What is required »
Copy word for word the lines in the records below, starting at the line with "Photo 11 VIN: 1HGCR2F30DA181778" and ending at the line with "Santa Claus Playing". Skip the pictures.

Provided data »
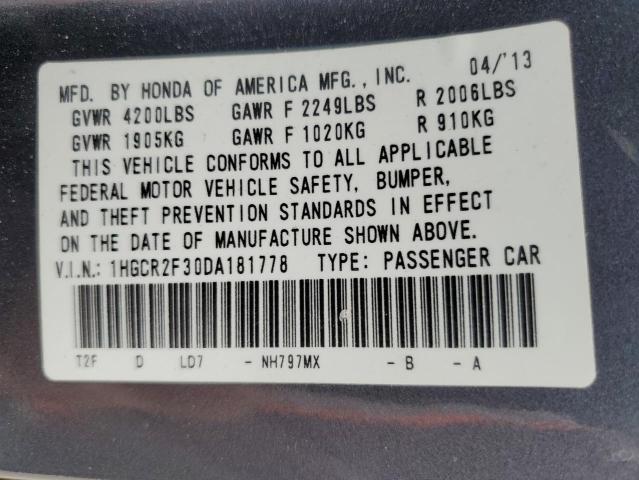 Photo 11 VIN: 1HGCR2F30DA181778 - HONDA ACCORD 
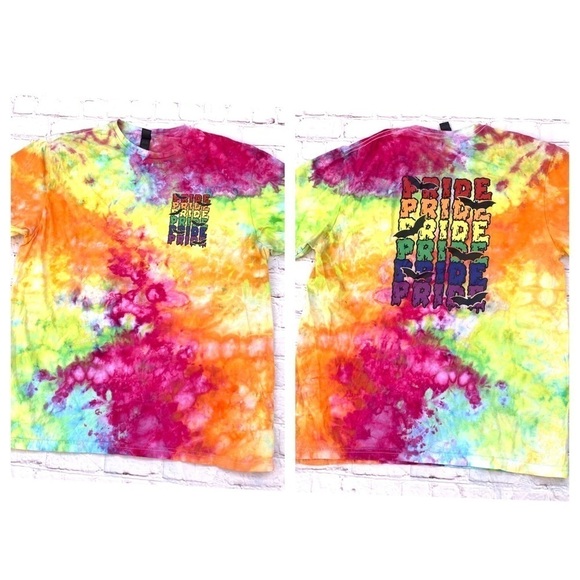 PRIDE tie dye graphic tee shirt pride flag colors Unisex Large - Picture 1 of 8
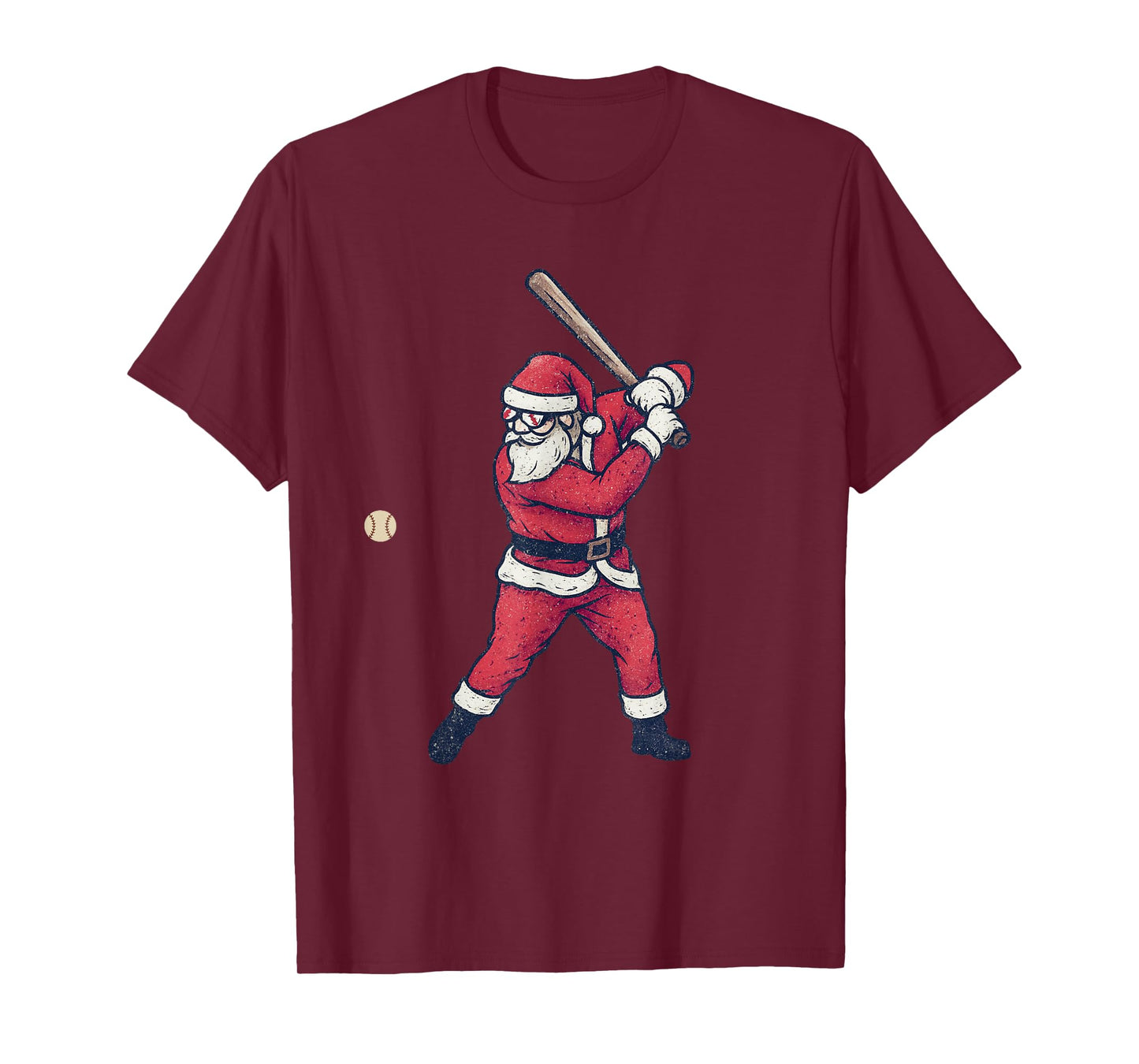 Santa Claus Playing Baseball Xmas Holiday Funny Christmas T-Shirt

==

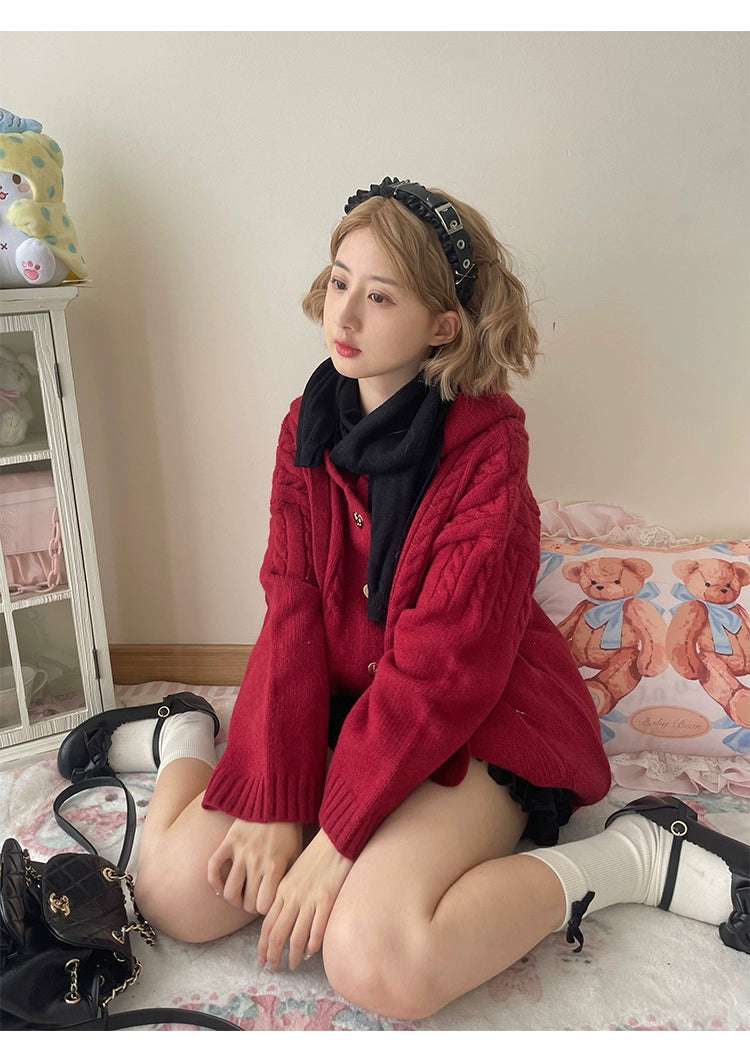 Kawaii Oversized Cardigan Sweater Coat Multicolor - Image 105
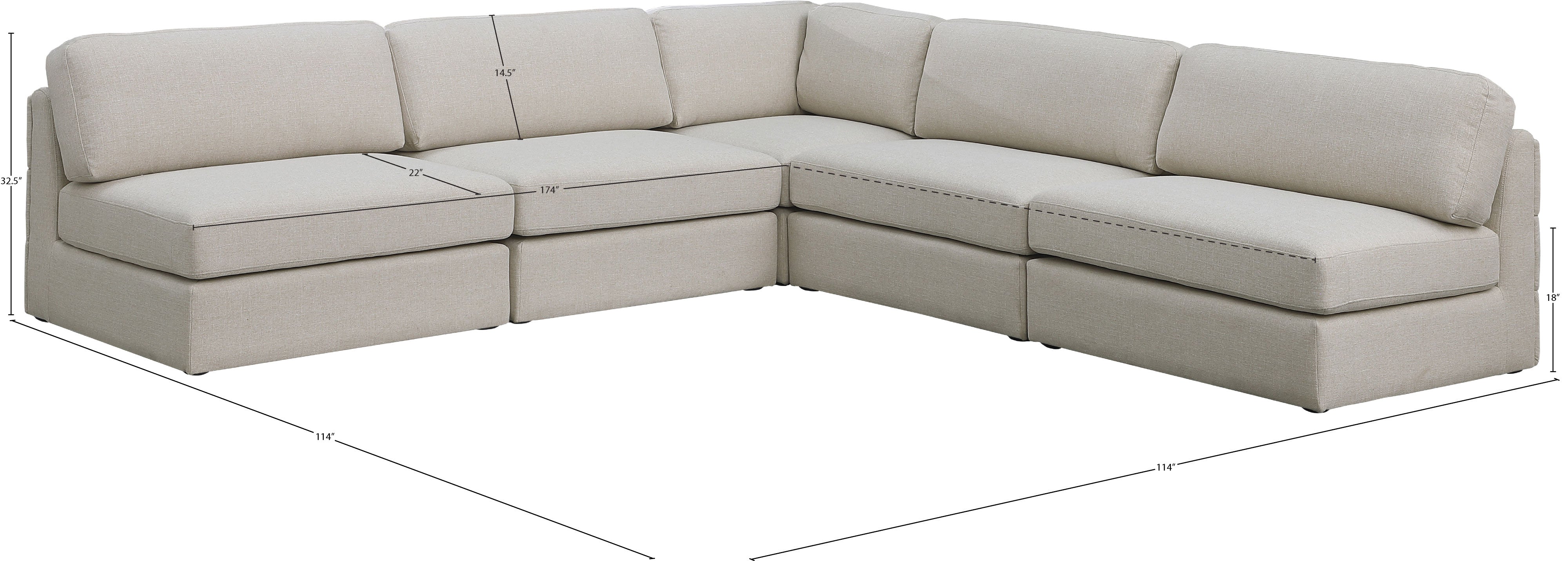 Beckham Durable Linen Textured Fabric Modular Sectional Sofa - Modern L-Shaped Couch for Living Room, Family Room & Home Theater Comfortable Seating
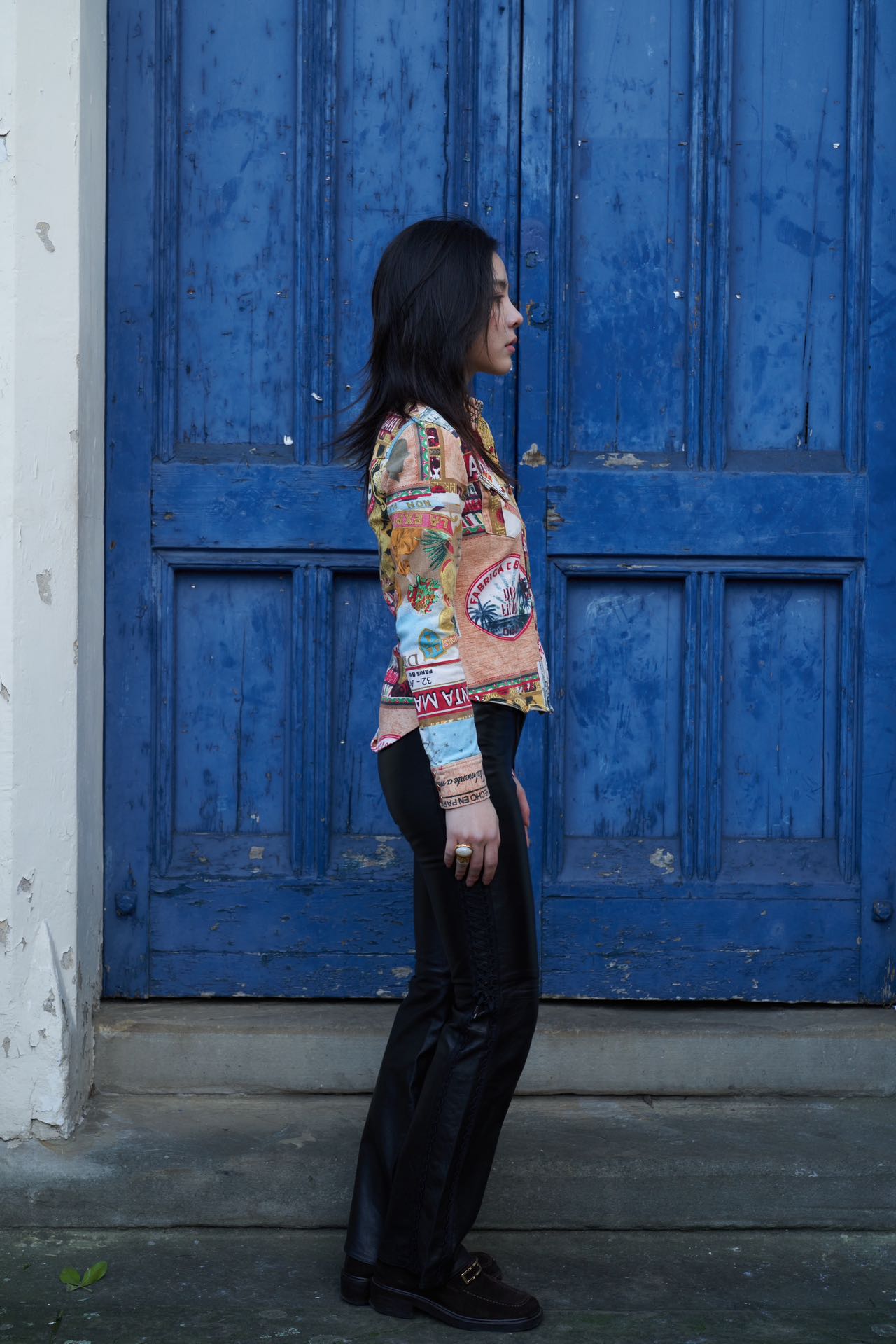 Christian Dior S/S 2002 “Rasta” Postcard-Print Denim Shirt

Completed exercise »
 Photo 11 VIN: 1HGCR2F30DA181778 - HONDA ACCORD 
 PRIDE tie dye graphic tee shirt pride flag colors Unisex Large - Picture 1 of 8
 Santa Claus Playing Baseball Xmas Holiday Funny Christmas T-Shirt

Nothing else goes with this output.